Love from above, by Amanda Cass
There is a chapter withing Melody Harper's Moon, where my character takes a frank exploration about what it really means to love someone.
It's a really important piece to me, but back in 2017, as my son packed to leave home and do his overseas experience in the UK, I realised it was a talk which had been long overdue.
Every day at home, his suitcases become a little more packed and a reality I don't feel ready for gets a little closer. My son is getting ready to leave home. I was supportive of this. It was even me who suggested the idea of spending time with his grandparents back there, trying to find work, reconnecting with old school friends.
But it's hard to imagine how quiet this bustling home will become, and it's actually quite scary.
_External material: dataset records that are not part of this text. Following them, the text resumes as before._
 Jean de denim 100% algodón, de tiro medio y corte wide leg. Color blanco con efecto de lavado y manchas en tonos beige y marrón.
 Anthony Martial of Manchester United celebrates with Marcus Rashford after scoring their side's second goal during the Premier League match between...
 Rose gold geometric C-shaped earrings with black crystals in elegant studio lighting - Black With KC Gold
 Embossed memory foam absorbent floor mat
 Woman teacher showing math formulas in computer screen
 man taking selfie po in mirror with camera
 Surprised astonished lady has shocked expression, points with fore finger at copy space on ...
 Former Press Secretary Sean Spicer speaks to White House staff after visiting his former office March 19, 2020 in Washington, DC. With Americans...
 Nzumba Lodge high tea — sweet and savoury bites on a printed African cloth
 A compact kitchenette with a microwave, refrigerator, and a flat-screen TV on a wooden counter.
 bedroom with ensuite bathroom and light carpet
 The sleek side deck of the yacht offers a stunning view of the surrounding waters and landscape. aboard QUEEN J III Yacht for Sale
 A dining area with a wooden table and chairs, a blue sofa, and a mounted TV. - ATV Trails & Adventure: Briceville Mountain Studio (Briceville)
I should be celebrating 'getting my life back' after parenthood. But truth be told, I don't feel ready to let go.
Change is hard, and for parents watching their child going out, it's a little anxious and lonely. You smile for them, you say 'you're going to have a great time', but then you feel a little teary, and before you know it, you've selected another sad song to match your mood from Spotify - it seems an appropriate soundtrack to your life right now.
Have you prepared them for everything?
That's the thing going through your mind. You've seen them deal with levels of bullying at school and cope well. You've talked to them about sex, sexuality, sexting, consent. Expressed so very strongly the importance of consent. You've seen how they behave with friends, how they can mix with almost anyone. How their sense of humour helps them to cope when people are nasty. You've encouraged them to talk to you when they have a bad day.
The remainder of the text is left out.